Scan iterates over the left-most dimension of the inputs, so as long as f_inv_x is 10, 2 and x is 10, 2, you just need to:

jacs, _ = pytensor.scan(log_jcd_elem, sequences=[f_inv_x, x])

If that doesn’t work, I’ll take a more careful look at the gist and see if I can figure something out.

1 Like

You may be suffering from abstraction leaking!

PyMC models are defined in terms of RVs, and you want to work on the logp side.
If you write a Potential using a scan based on other model variables, that scan will first have RVs and then later we try and replace them by the respective value variables. That replacement could be failing (which would be a bug).

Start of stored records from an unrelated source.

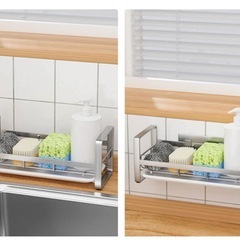 キッチンツール７点セットの画像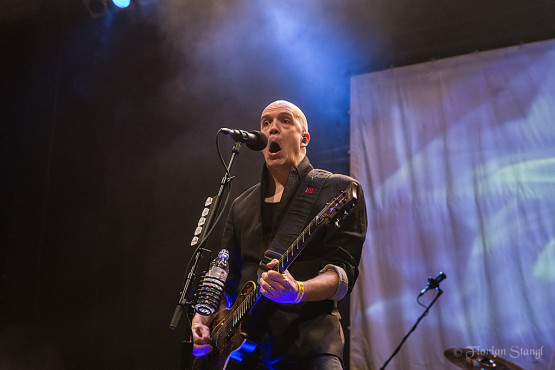 devin-townsend-santa-rock-2012-8-12-2012-bamberg-2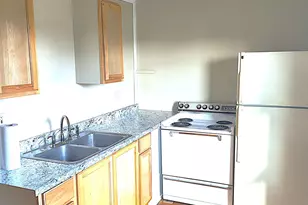 69 Main St, Madison, ME 04950 - Photo 9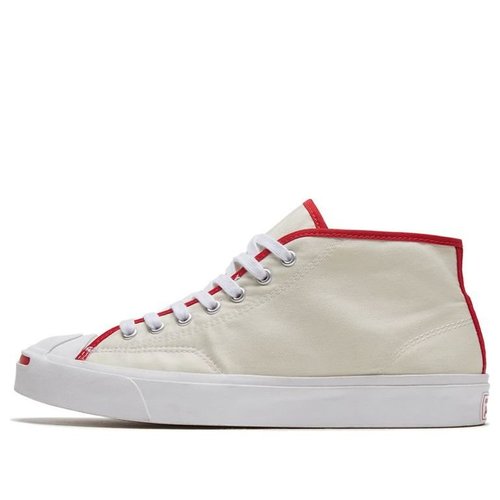 Converse Jack Purcell - Black - 168994C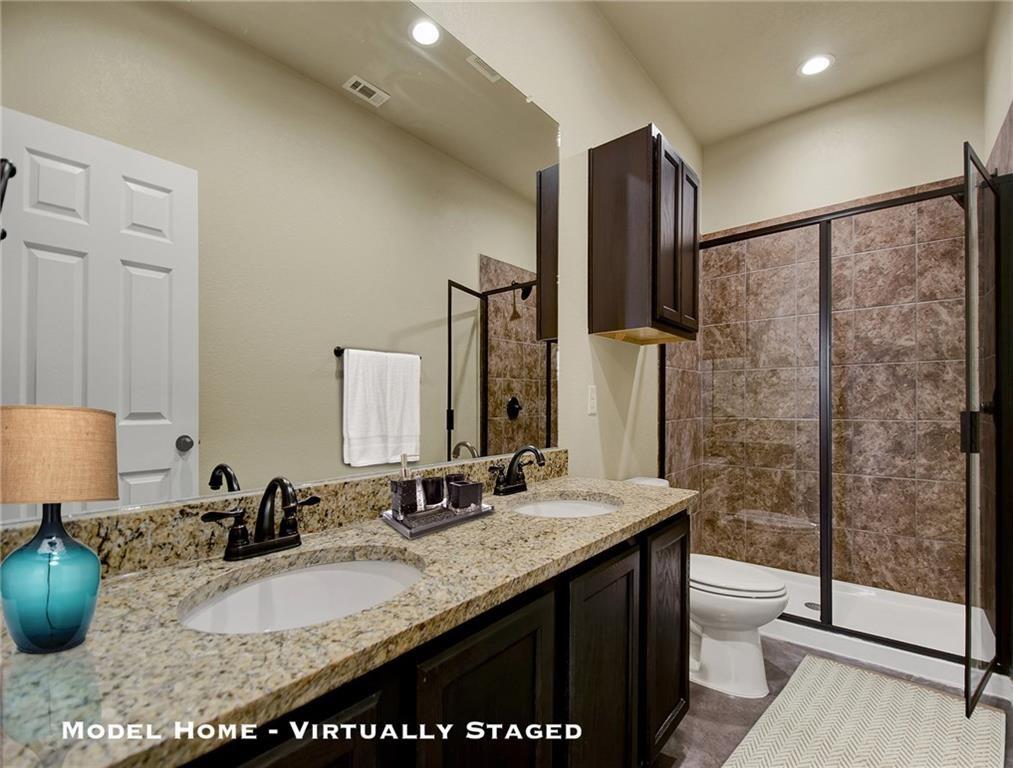 379 JOANNE LOOP # B Unit: A & B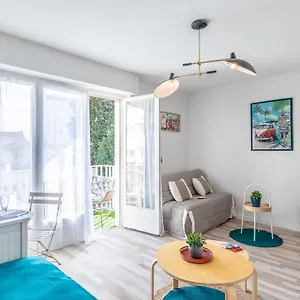Waikiki Biarritz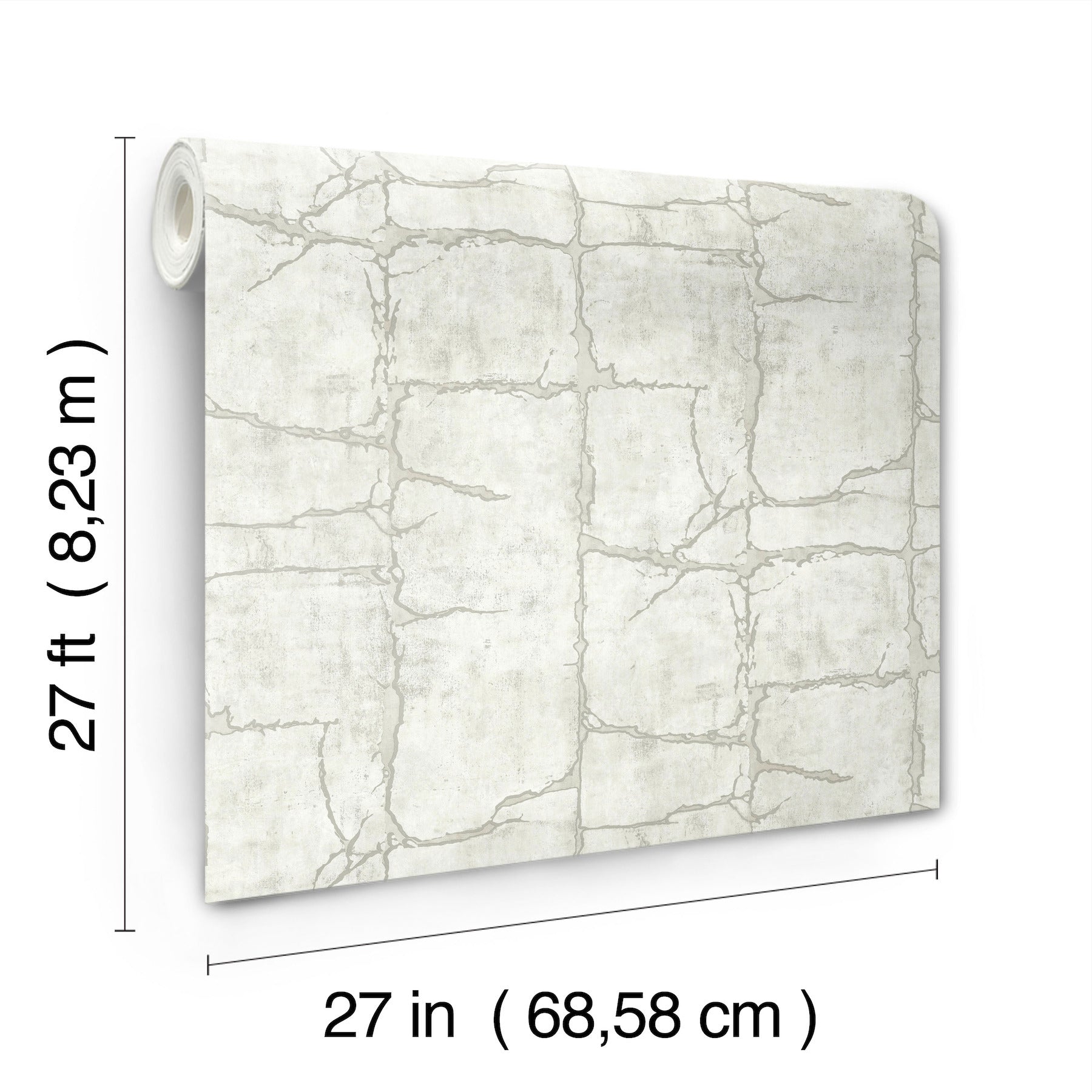 mojave-wallpaper-grey-york-wallcoverings-gn2583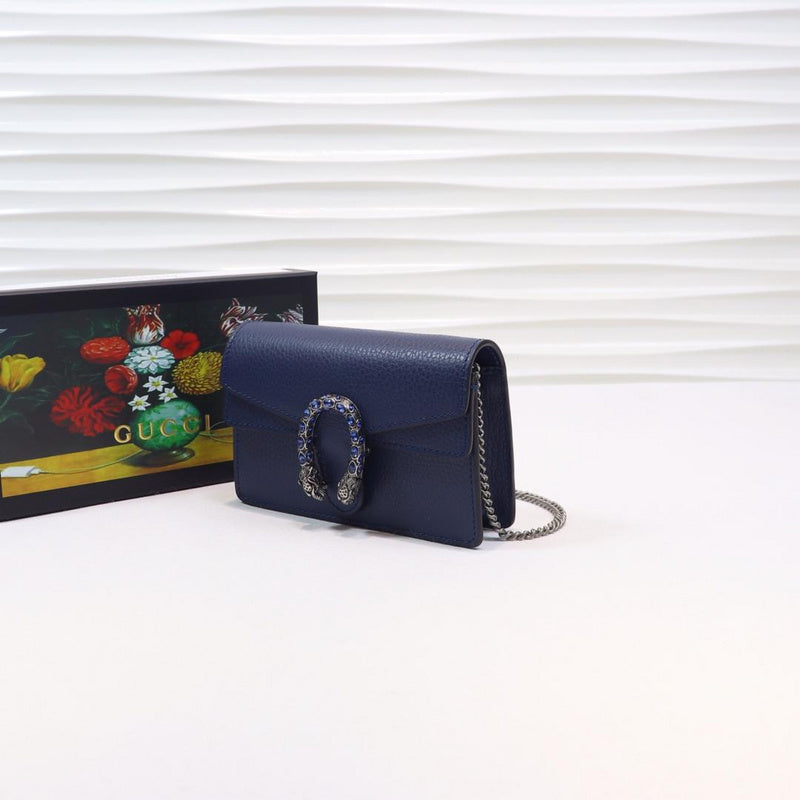 glamy - GCI Bags - 1122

To make sure this is not the case, you can use the logp-value variables directly. You can get them from model.rvs_to_values[rv].

1 Like

Thanks - I’ve tried to slice down to 2D… Both f_inv_x and x are (10, 2), and something like:

jac = tg.jacobian(f_inv_x[i, :], x[i, :])

throws DisconnectedInput errors. I mentioned this above… Maybe I’m slicing wrong? Would a subtensor somehow be more appropriate?

The indexing I’ve settled on for now doesn’t seem to hurt… it just looks a little clumsy

That’s interesting… I remember you noting that elsewhere as a difference between v3 and v5. I’ve not wrapped my head around that yet!

I’ll try rvs_to_values on the y_c and y RVs and see what happens…

Here’s what I came up with:

#     # 7. Jacobian adjustment for observed data
    # Situation: y_c is an (n, 2) matrix of equations: [[eq[0, 0], eq[0, 1]], [eq[1, 0], eq[1, 1]], ...]
    # We ravel it to an (n * k, ) vector of equations: [eq[0, 0], eq[0, 1], [eq[1, 0], ...]
    # The vector ends up with entries sorted by equation, with entries alternating between the columns
    # Then we take the jacobian w.r.t the inputs. This will be (n * k, n, k)
    # Since the rows of equations are independent, this will have a sparsity structure that will allow us to undo the ravel in the next step.
    jacs = tg.jacobian(y_c.ravel(), y)
    
    # To unravel the jacobian, reshape to (n, 2, n, 2)
    # We need to merge away the 2nd batch dimension to get (n, k, k)
    # Because all the rows are independent, we can just use .sum() to accomplish this
    # (You can do jacs.eval() and confirm that all entries in the 2nd dimension are zero -- it contains the "cross terms" between the equations) 
    jacs = jacs.reshape((n, k, n, k)).sum(axis=2)
    
    # Now we're ready to get the logdets
    signs, logdets = pt.nlinalg.slogdet(jacs)
    
    _ = pm.Potential('pot_jcd_y_c_on_y',logdets, dims='oid')

To confirm this ends up with the correct answer, I added the first row of dfy as a separate variable and computed its jacobian alone. You can confirm that jacs[0] is equal to tg.jacobian(yc_1, y1) in the follow snippet:

n = cfg['n']
k = len(cfg['mu'])

with pm.Model(coords=coords, coords_mutable=coords_m) as mdl:
    y = pm.MutableData('y', dfy, dims=('oid', 'y_nm'))
    y0 = pm.MutableData('y1', dfy.loc[0, :])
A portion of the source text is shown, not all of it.